Children with ASD are different than children with delayed developmental milestones. Hence, auditory bombardment strategy usually helps the latter population more than in children with ASD. While dealing with children in the spectrum, we often come across situations when they feel overwhelmed or have episodes of meltdowns due to overloaded auditory stimulus. Most children with ASD have hypo or hyper reactions to various environmental stimuli which we may or may not be aware of and bombarding them with instructions might just overburden them. Hence, choose your utterances carefully and largely focus on commenting rather than commanding or questioning.
- Pretend: Let the hidden small actors in us bloom and let us use the requisite skills to build communication in our children. Yes, pretending can be named as the ace of all strategies and may help you win the game. However, this should be used strategically to prevent getting the child’s participation. Eg. The child is pulling you (he wants to step out), you give him a look, pretending not to understand what he wants and continue your work, he continues pulling and you may comment “you want me to move?, here you go” and I move to another corner. Again he pulls and I say “I guess you want to play the pull and push game with me, let’s do it” and continue pretending till you can elicit a self-intended gesture (such gesturing to call you or pointing towards door or his shoes), utterance (such as ‘come’, ‘out’, ‘shoe’ etc.) or option selection in his/her assistive device. This may help the child understand the purpose of gestural or verbal mode of communication.
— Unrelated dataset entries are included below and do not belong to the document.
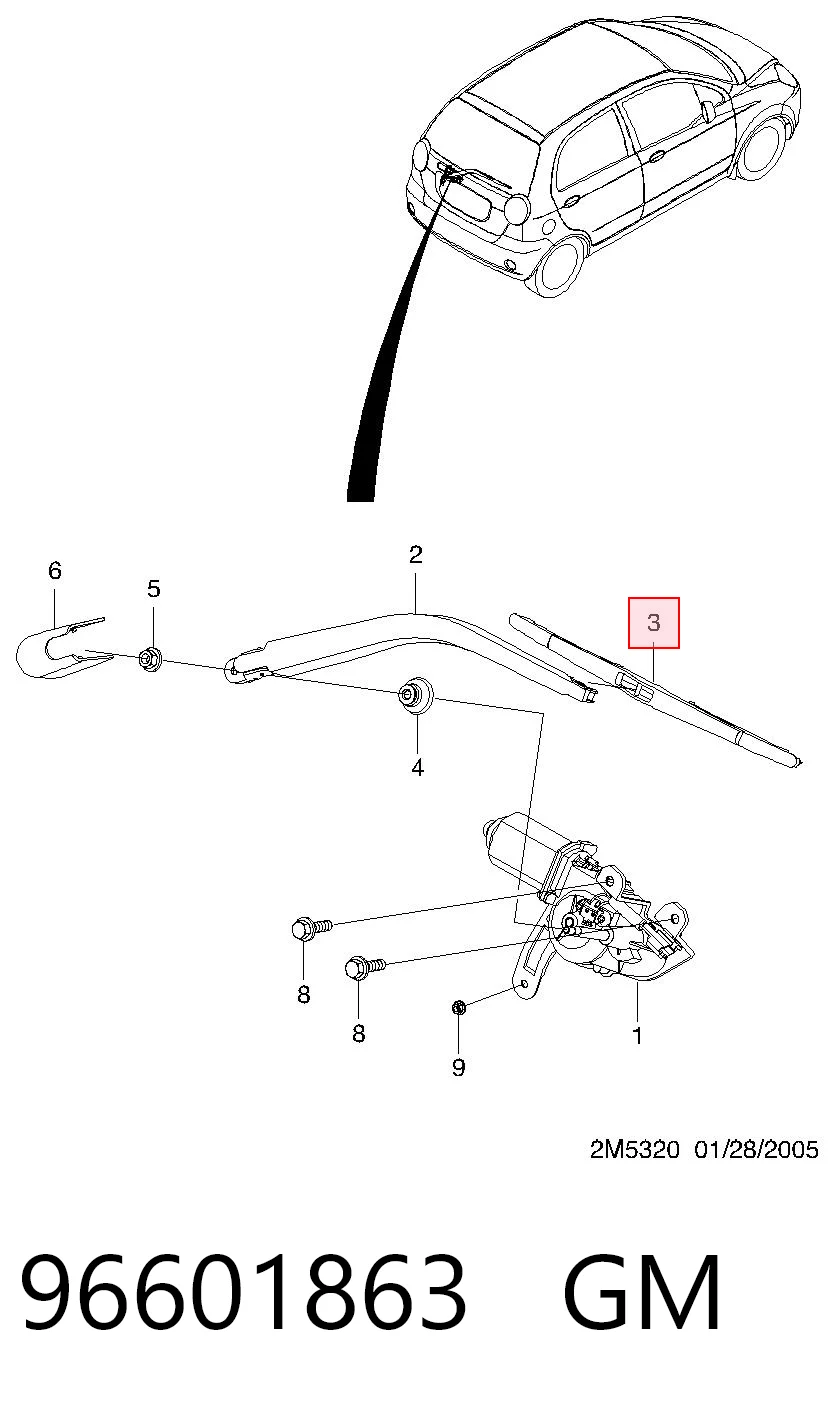 96601863 Opel Щітка склоочисника задня
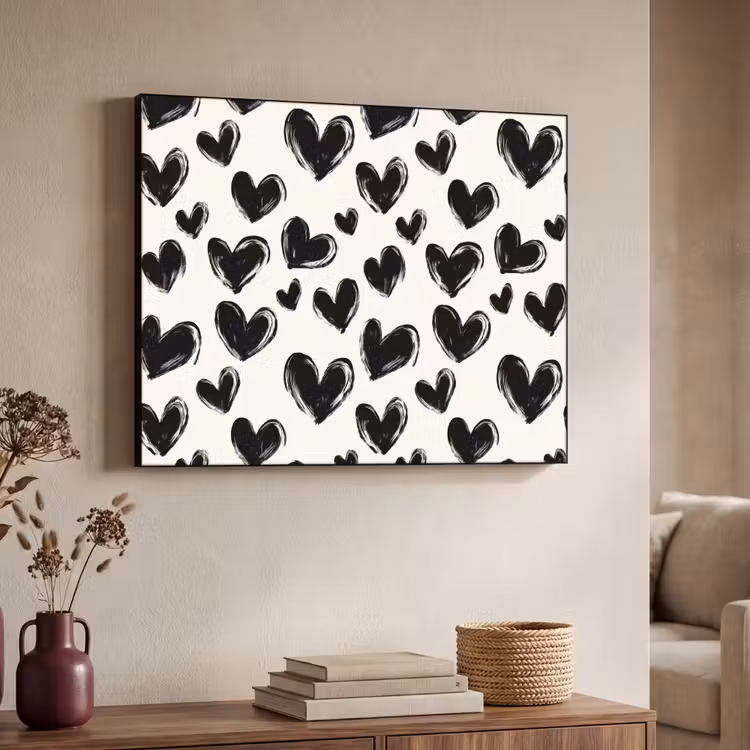 Hartjes - Patroon - Zwart Textielframe zwart klein 947 -sfeer3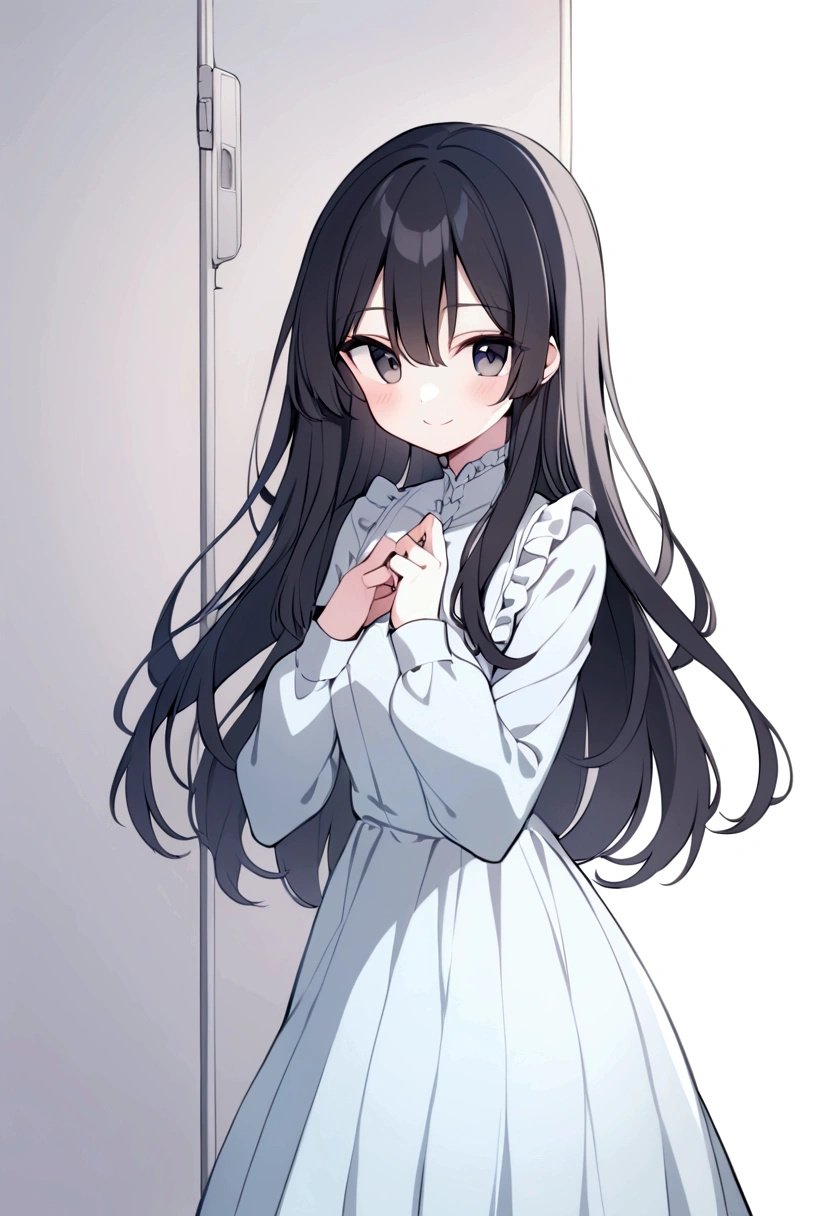 slender, mature female, rating:safe, 1girl, solo, long_hair, dress, long_sleeves, looking_at_viewer, dress, blush, black_hair, bangs, closed_mouth, hair_between_eyes, pale_color, eyebrows_visible_through_hair, hands_up, shirt, holding, long_dress, frills, smile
- Use of assistive devices: I wish to highlight in bold that AAC (Alternative Augmentative Communication) devices ARE NOT REPLACEMENT FOR SPEECH and in no capacity discourage the development of speech. These aids will only enhance the opportunities of communication. These devices bring the child to a comfort level that ensures availability of an alternate communication medium to convey their needs and thoughts when their own vocabulary seems to be limited. It is their right and our duty to have these alternate aids made available to them.
Parenting is a journey and we all have our own amazing travel experiences as parents. This journey is filled with happiness, joy, thrill, adventure and many challenges. We will run into each of these at some point. However, the fact we need to remember is that we all have different destinations to reach with our child. And even if we share a destination with someone we will have to take a different path to get there. Hence, let’s move ahead at the child’s pace by giving them adequate space to absorb information from their environment. Concurrently, it is vital for parents to take care of their own well-being by taking time to relax, have fun, exercise and socialize.